Ungewöhnliche Rekrutierungsmethoden: Spät-Abend-SMS und Kaffeetassen-Test
Private Nachrichten zu später Stunde und zurückgebrachte Kaffeetassen als Einstellungskriterien: Personalverantwortliche greifen zu immer ungewöhnlicheren Methoden, um potenzielle Mitarbeiter zu testen.

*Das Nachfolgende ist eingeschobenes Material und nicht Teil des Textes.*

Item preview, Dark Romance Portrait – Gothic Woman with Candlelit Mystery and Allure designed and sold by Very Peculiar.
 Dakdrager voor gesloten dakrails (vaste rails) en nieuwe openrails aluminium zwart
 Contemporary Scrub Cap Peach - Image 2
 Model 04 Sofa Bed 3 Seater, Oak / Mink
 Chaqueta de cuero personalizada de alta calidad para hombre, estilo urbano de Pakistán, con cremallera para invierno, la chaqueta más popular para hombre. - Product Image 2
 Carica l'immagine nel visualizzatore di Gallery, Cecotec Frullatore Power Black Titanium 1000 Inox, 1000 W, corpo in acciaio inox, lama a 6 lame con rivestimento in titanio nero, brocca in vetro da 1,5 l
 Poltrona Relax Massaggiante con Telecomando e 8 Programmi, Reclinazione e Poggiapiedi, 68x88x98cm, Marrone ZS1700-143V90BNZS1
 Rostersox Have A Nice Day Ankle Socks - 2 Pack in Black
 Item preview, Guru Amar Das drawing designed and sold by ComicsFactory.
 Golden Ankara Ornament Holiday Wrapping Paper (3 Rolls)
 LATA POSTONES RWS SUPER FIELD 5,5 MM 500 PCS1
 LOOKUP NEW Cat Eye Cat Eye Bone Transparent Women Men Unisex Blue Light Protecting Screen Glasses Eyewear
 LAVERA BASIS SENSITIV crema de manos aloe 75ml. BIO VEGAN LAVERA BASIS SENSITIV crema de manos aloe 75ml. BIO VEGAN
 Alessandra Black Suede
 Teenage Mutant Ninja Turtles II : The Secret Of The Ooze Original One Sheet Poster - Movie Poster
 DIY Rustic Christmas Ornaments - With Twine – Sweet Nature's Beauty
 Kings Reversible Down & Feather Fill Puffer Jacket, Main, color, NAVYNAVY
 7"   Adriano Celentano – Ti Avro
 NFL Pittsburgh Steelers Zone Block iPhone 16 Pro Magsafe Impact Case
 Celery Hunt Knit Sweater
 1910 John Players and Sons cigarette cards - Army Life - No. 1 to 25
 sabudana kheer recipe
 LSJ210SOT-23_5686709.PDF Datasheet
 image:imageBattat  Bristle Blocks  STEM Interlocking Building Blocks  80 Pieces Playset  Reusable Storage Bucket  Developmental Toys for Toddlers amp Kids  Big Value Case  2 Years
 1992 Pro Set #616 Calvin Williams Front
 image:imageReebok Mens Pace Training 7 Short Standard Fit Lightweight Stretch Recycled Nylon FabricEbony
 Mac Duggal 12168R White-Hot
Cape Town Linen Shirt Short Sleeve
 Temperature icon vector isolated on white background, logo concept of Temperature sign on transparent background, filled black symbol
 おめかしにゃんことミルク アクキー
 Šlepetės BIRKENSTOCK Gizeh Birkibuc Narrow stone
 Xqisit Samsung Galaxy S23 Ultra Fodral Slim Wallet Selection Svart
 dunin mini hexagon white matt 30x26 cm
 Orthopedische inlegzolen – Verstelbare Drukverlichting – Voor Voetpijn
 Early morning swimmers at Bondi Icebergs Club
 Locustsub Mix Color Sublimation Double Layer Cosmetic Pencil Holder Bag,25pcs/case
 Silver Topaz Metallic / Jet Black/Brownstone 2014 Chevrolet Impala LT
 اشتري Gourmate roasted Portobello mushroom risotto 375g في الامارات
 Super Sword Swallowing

Während viele Arbeitnehmer zunehmend Work-Life-Balance, mentale Gesundheit und das Recht auf Abschalten einfordern, greifen manche Unternehmen zu fragwürdigen Rekrutierungsmethoden, die die Grenzen zwischen Beruf und Privatleben verwischen. Diese kontroversen Praktiken, oft als Auswuchs der viel kritisierten "Hustle Culture" gesehen, stehen im krassen Gegensatz zu Bewegungen wie "Quiet Quitting" oder der Vier-Tage-Woche.
Eine besonders unkonventionelle Taktik kommt von William Vanderbloemen, dem Gründer und CEO einer Personalvermittlungsfirma in Houston. Wie Business Insider berichtet, nutzt Vanderbloemen eine abendliche SMS, um die Reaktionsbereitschaft und Passgenauigkeit potenzieller Mitarbeiter zu prüfen.
Der Test läuft folgendermaßen ab: Nach einem Vorstellungsgespräch erhält der Kandidat gegen 22 Uhr eine freundliche SMS von einem angeblichen Mitarbeiter der Firma. Die Nachricht erwähnt das verpasste Treffen und drückt den Wunsch aus, sich zu einem späteren Zeitpunkt zu verbinden.
Die entscheidende Frage ist nun: Wie schnell antwortet der Bewerber? Laut Vanderbloemen bringt eine Antwort innerhalb von 24 Stunden die meisten Bewerber in eine bessere Position als ihre Konkurrenten, da Menschen im Allgemeinen “schrecklich” sind, wenn es um das Antworten geht. Wer jedoch innerhalb einer Minute antwortet, zeigt genau die Art von "Verrücktheit", die das Unternehmen für bestimmte Positionen sucht.
Diese Methode ist jedoch nicht für alle Stellen vorgesehen. Sie soll vor allem für Stellen eingesetzt werden, die eine hohe Reaktionsgeschwindigkeit erfordern, wie beispielsweise Verkauf oder Marketing. Vanderbloemen betont, dass die Nichtbeantwortung von SMS kein automatisches Ausschlusskriterium ist.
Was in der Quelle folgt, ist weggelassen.